Editor’s Note: I’ve been interested, on the sidelines, in 3 D printing. I’ve viewed minimal, less-than-instructional news reports, wondering what I’d like to tackle myself if I got hold of one of these wonder machines. Think back to the dress made by Iris van Herpen’s spring for her 2015 show in Paris we’re illustrating this post with below. Think about those shoes you could design and make rather than mortgaging your future on a store-bought version. But now it seems that there are more complex and ever-improving machines being devised in startups, garages a-la-Hewlett-Packard, and the proverbial kitchen table.
Photo: 3d Systems worked on this almost-transparent ice-like dress on view for a 2015 fashion show of Iris van Herpen’s.

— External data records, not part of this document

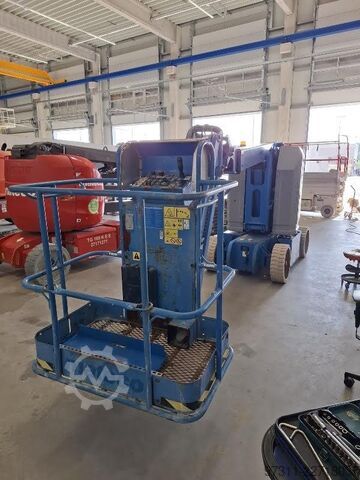 Gelenkteleskoparbeitsbühne Genie Z-30/20N RJ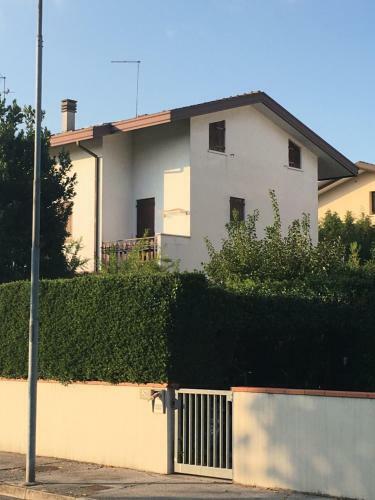 Hostal Fly To Venice Home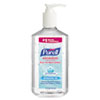 PURELL(R) Advanced Instant Hand Sanitizer with Derma Glycerin System(TM)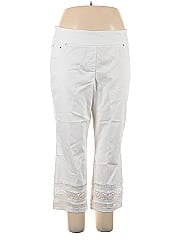 Ruby Rd. Casual Pants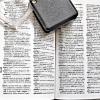 A dictionary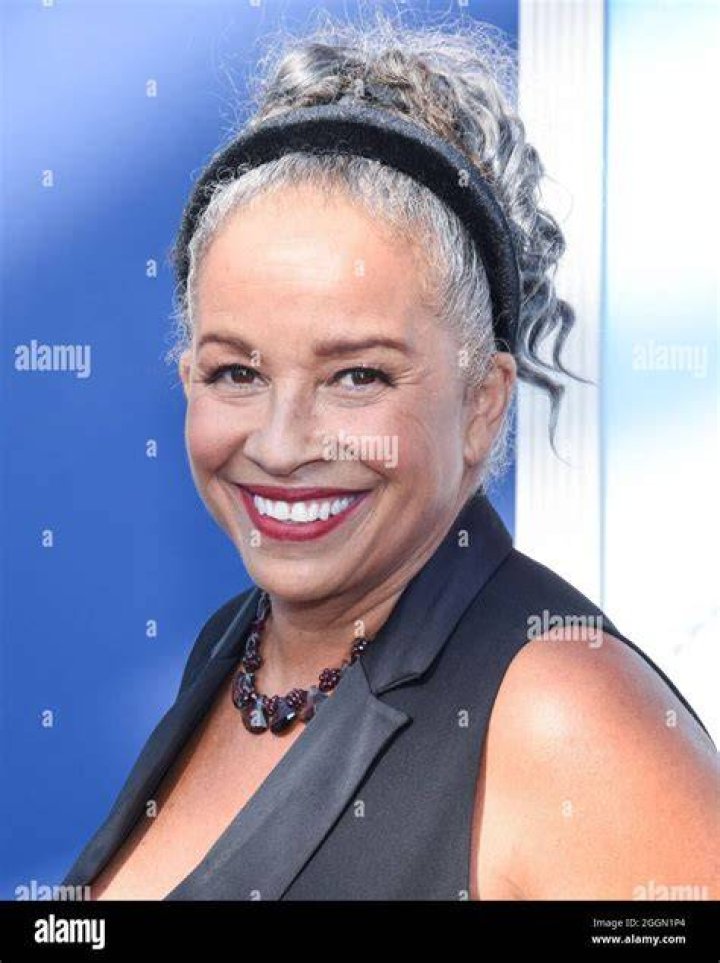 Rae Dawn Chong's Life Today What Is She Doing Now?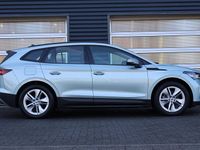 Occasion Skoda Enyaq iV 150 kW (204 PK) 2021 Grijs SUV
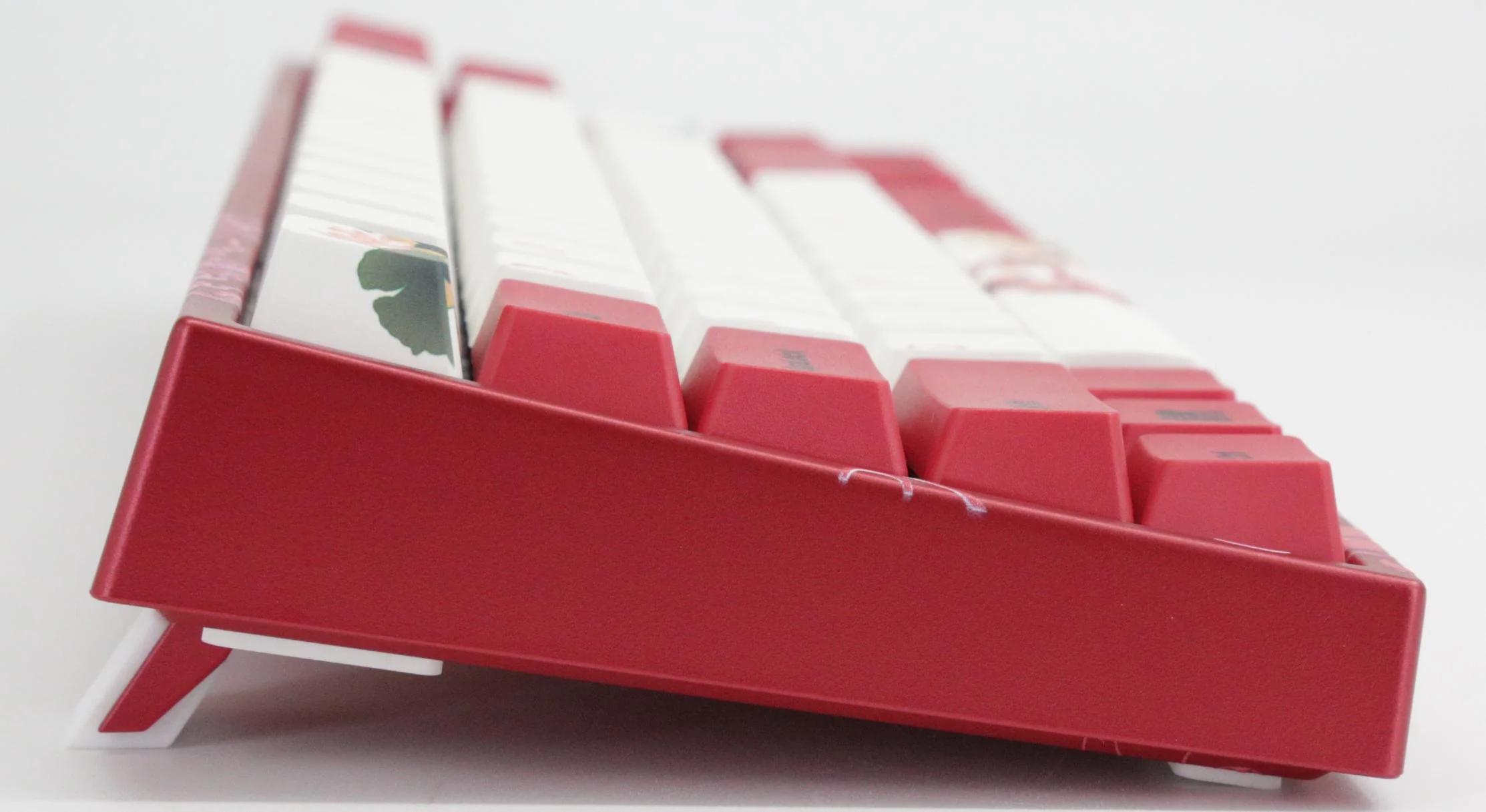 Ducky MIYA Pro Koi 65% Bluetooth Dye Sub PBT Mechanical Keyboard - Image 4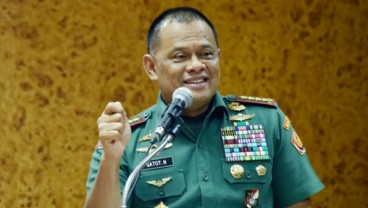 Jenderal Gatot: Prajurit Wajib Nonton Film G30S/PKI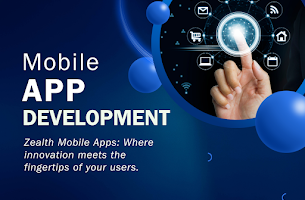 mobile app development company in Noida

A 3D printing technology developed by Silicon Valley startup, Carbon3D Inc., enables objects to rise from a liquid media continuously rather than being built layer by layer as they have been for the past 25 years, representing a fundamentally new approach to 3D printing. The technology, appearing as the cover article in the March 20 print issue of Science, allows ready-to-use products to be made 25 to 100 times faster than other methods and creates previously un-achievable geometries that open opportunities for innovation not only in health care and medicine, but also in other major industries such as automotive and aviation.
Joseph M. DeSimone, professor of chemistry at UNC-Chapel Hill and of chemical engineering at N.C. State, is currently CEO of Carbon3D where he co-invented the method with colleagues Alex Ermoshkin, chief technology officer at Carbon 3D and Edward T. Samulski, also professor of chemistry at UNC. Currently on sabbatical from the University, DeSimone has focused on bringing the technology to market, while also creating new opportunities for graduate students to use the technique for research in materials science and drug delivery at UNC and NCSU.